But the question is, in what direction will I go, if I should get out? I must have been near 25 miles northeast of Toba Inlet when I was kidnapped. This fellow must have travelled at least 25 miles in the three hours he carried me. If he went west we would be near salt water — same thing if he went south — therefore he must have gone northeast. If I then keep going south and over two mountains, I must hit salt water someplace between Lund and Vancouver.

The following day I did not see the old lady till about 4:00 p.m. She came home with her arms full of grass and twigs and of all kinds of spruce and hemlock as well as some kind of nuts that grow in the ground. I have seen lots of them on Vancouver Island. The young fellow went up the mountain to the east every day, he could climb better than a mountain goat. He picked some kind of grass with long sweet roots. He gave me some one day — they tasted very sweet. I gave him another snuff box with about a teaspoon of snuff in it. He tasted it, then went to the old man — he licked it with his tongue. They had a long chat. I made a dipper from a milk can. I made many dippers — you can use them for pots too — you cut two slits near the top of any can — then cut a limb from any small tree — cut down back of the limb down the stem of the tree — then taper the part you cut from the stem. Then cut a hole in the tapered part, slide the tapered part in the slit you have made in the can, and you have a good handle on your can. I threw one over to the young fellow, that was playing near my camp, he picked it up and looked at it then he went to the old man and showed it to him. They had a long chatter. Then he came to me, pointed at the dipper then at his sister. I could see that he wanted one for her too. I had other peas and carrots, so I made one for his sister. He was standing only eight feet away from me. When I had made the dipper, I dipped it in water and drank from it, he was very pleased, almost smiled at me. Then I took a chew of snuff, smacked my lips, said that's good.

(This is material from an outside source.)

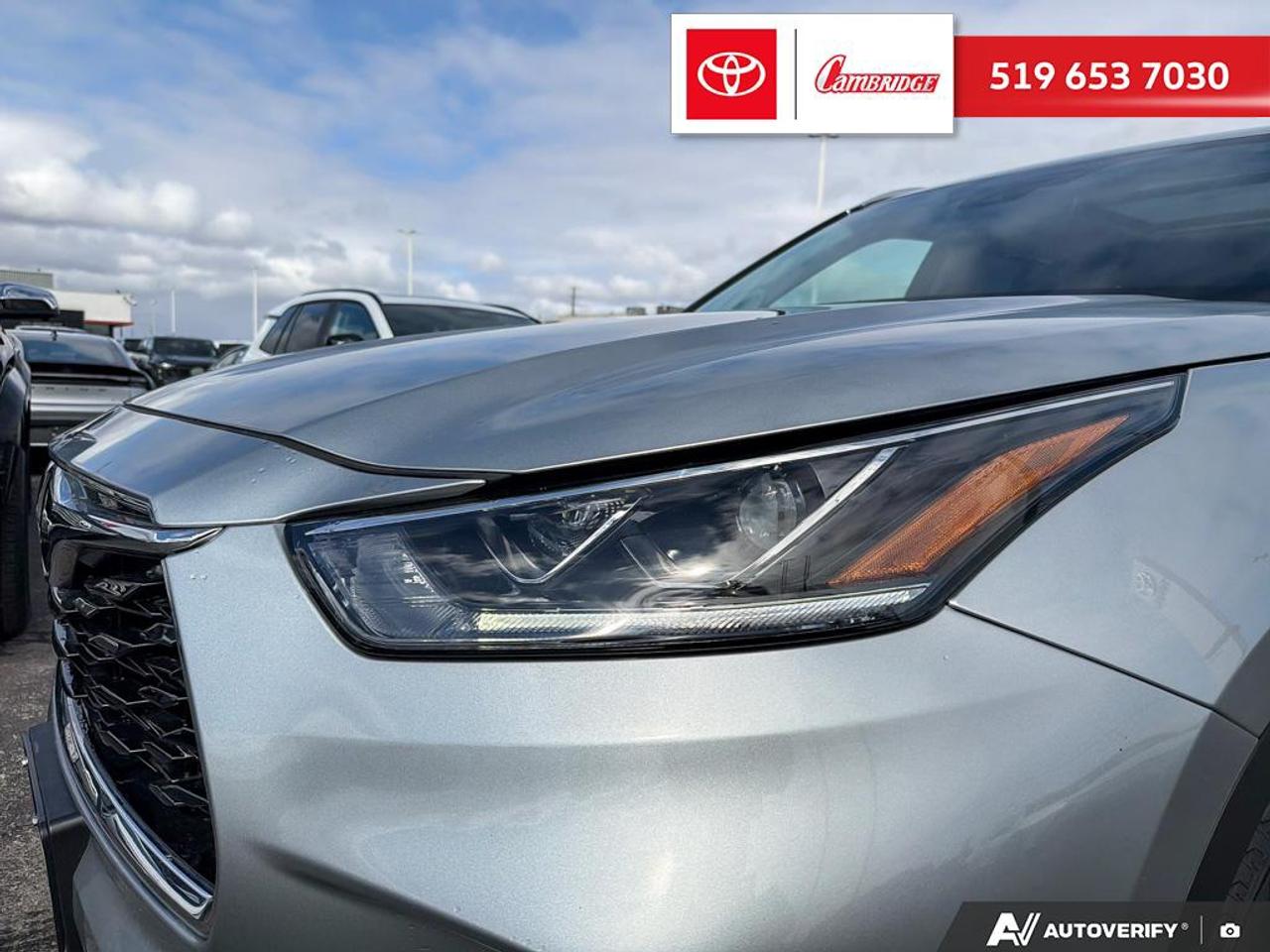 2024 Toyota Highlander LIMITED  Photo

The young fellow pointed to the old man, said something that sounded like "Ook." I got the idea that the old man liked snuff, and the young fellow wanted a box for the old man. I shook my head. I motioned with my hands for the old man to come to me. I do not think the young fellow understood what I meant. He went to his sister and gave her the dipper I made for her. They did not come near me again that day. I had now been here six days, but I was sure I was making progress. If only I could get the old man to come over to me, get him to eat a full box of snuff that would kill him for sure, and that way kill himself, I wouldn't be guilty of murder.

The old lady was a meek old thing. The young fellow was by this time quite friendly. The girl would not hurt anybody. Her chest was flat like a boy's — no development like young ladies. I am sure if I could get the old man out of the way I could easily have brought this girl out with me to civilization. But what good would that have been? I would have to keep her in a cage for public display. I don't think we have any right to force our way of life on other people, and I don't think they would like it. (The noise and racket in a modern city they would not like any more than I do.)

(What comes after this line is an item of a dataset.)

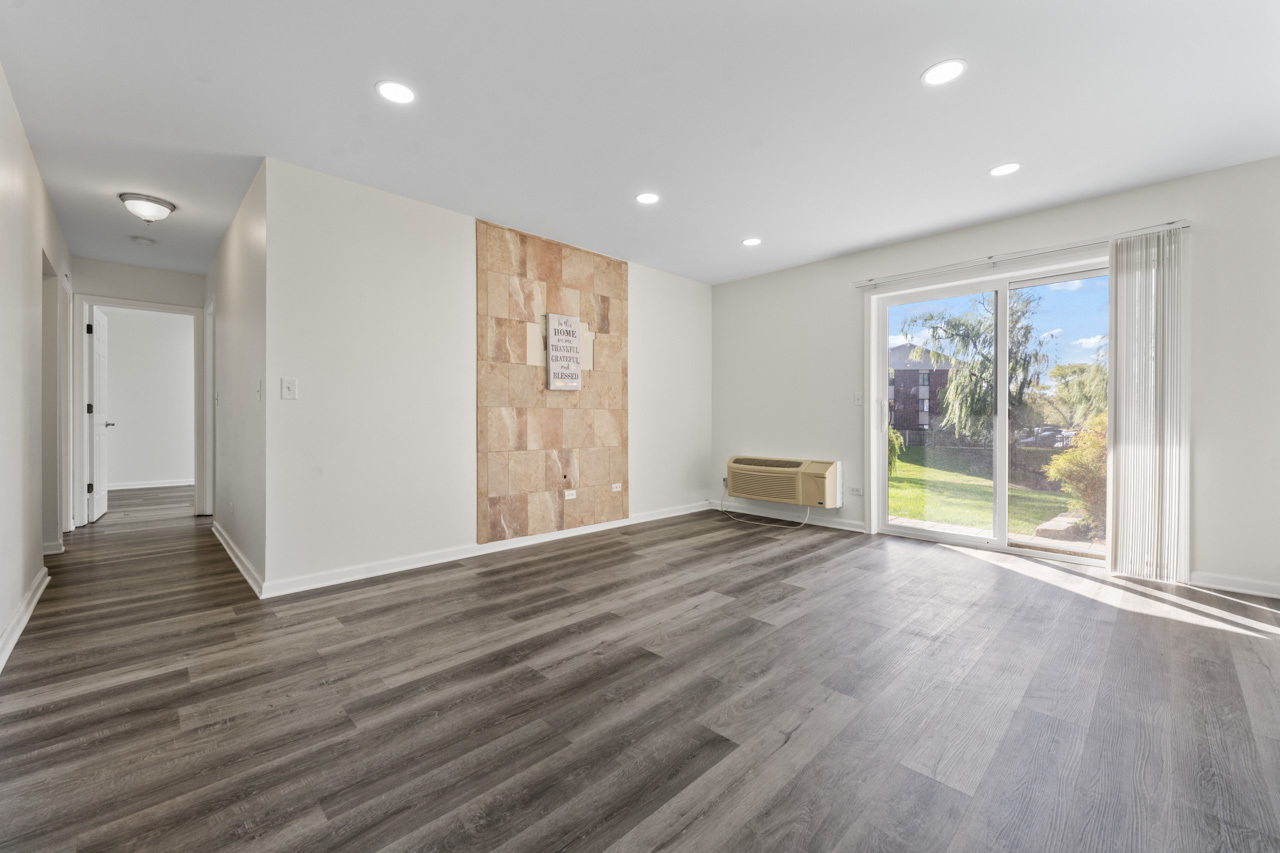 900 N Lakeside Drive #1A, Vernon Hills, IL 60061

The young fellow might have been between 11-18 years old and about seven feet tall and might weight about 300 lbs. His chest would be 50-55 inches, his waist about 36-38 inches. He had wide jaws, narrow forehead, that slanted upward round at the back about four or five inches higher than the forehead. The hair on their heads was about six inches long. The hair on the rest of their body was short and thick in places. The women's hair on the forehead had an upward turn like some women have — they call it bangs, among women's hair-do's. Nowadays the old lady could have been anything between 40-70 years old. She was over seven feet tall. She would be about 500-600 pounds.

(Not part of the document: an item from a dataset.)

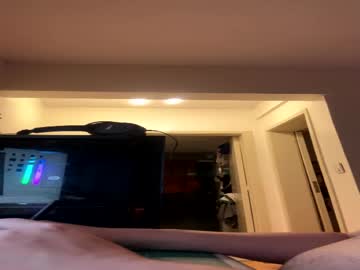 Beartsmkr Chaturbate stream image from April 23, 2026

She had very wide hips, and a goose-like walk. She was not built for beauty or speed. Some of those lovable brassieres and uplifts would have been a great improvement on her looks and her figure. The man's eyeteeth were longer than the rest of the teeth, but not long enough to be called tusks. The old man must have been near eight feet tall. Big barrel chest and big hump on his back — powerful shoulders, his biceps on upper arm were enormous and tapered down to his elbows. His forearms were longer than common people have, but well proportioned. His hands were wide, the palm was long and broad, and hollow like a scoop. His fingers were short in proportion to the rest of his hand. His fingernails were like chisels. The only place they had no hair was inside their hands and the soles of their feet and upper part of the nose and eyelids. I never did see their ears, they were covered with hair hanging over them.

If the old man were to wear a collar it would have to be at least 30 inches. I have no idea what size shoes they would need. I was watching the young fellow's foot one day when he was sitting down. The soles of his feet seemed to be padded like a dog's foot, and the big toe was longer than the rest and very strong. In mountain climbing all he needed was footing for his big toe. They were very agile. To sit down they turned their knees out and came straight down. To rise they came straight up without help of hands or arms. I don't think this valley was their permanent home. I think they move from place to place, as food is available in different localities. They might eat meat, but I never saw them eat meat, or do any cooking.

I think this was probably a stopover place and the plants with sweet roots on the mountain side might have been in season this time of the year. They seem to be most interested in them. The roots have a very sweet and satisfying taste. They always seem to do everything for a reason, wasted no time on anything they did not need. When they were not looking for food, the old man and the old lady were resting, but the boy and the girl were always climbing something or some other exercise. A favorite position was to take hold of his feet with his hands and balance on his rump, then bounce forward. The idea seems to be to see how far he could go without his feet or hands touching the ground. Sometimes he made 20 feet.



Albert Ostman in 1977

Albert couldn't stop wondering what they wanted with him... Had he become their pet? Was he livestock?

He never once felt threatened, but still wondered how this ordeal was going to end. They surely must have known that he couldn't stay there indefinitely. Interestingly enough, the old man was coming closer and closer to Albert each day. He seemed very interested in Albert's can of snuff, and one morning after breakfast, the old man and the boy came over and sat down just ten feet away from Albert. He was making a pot of coffee, with shag and branches for kindling, and with a match, he ignited the labels from his cans to start the fire.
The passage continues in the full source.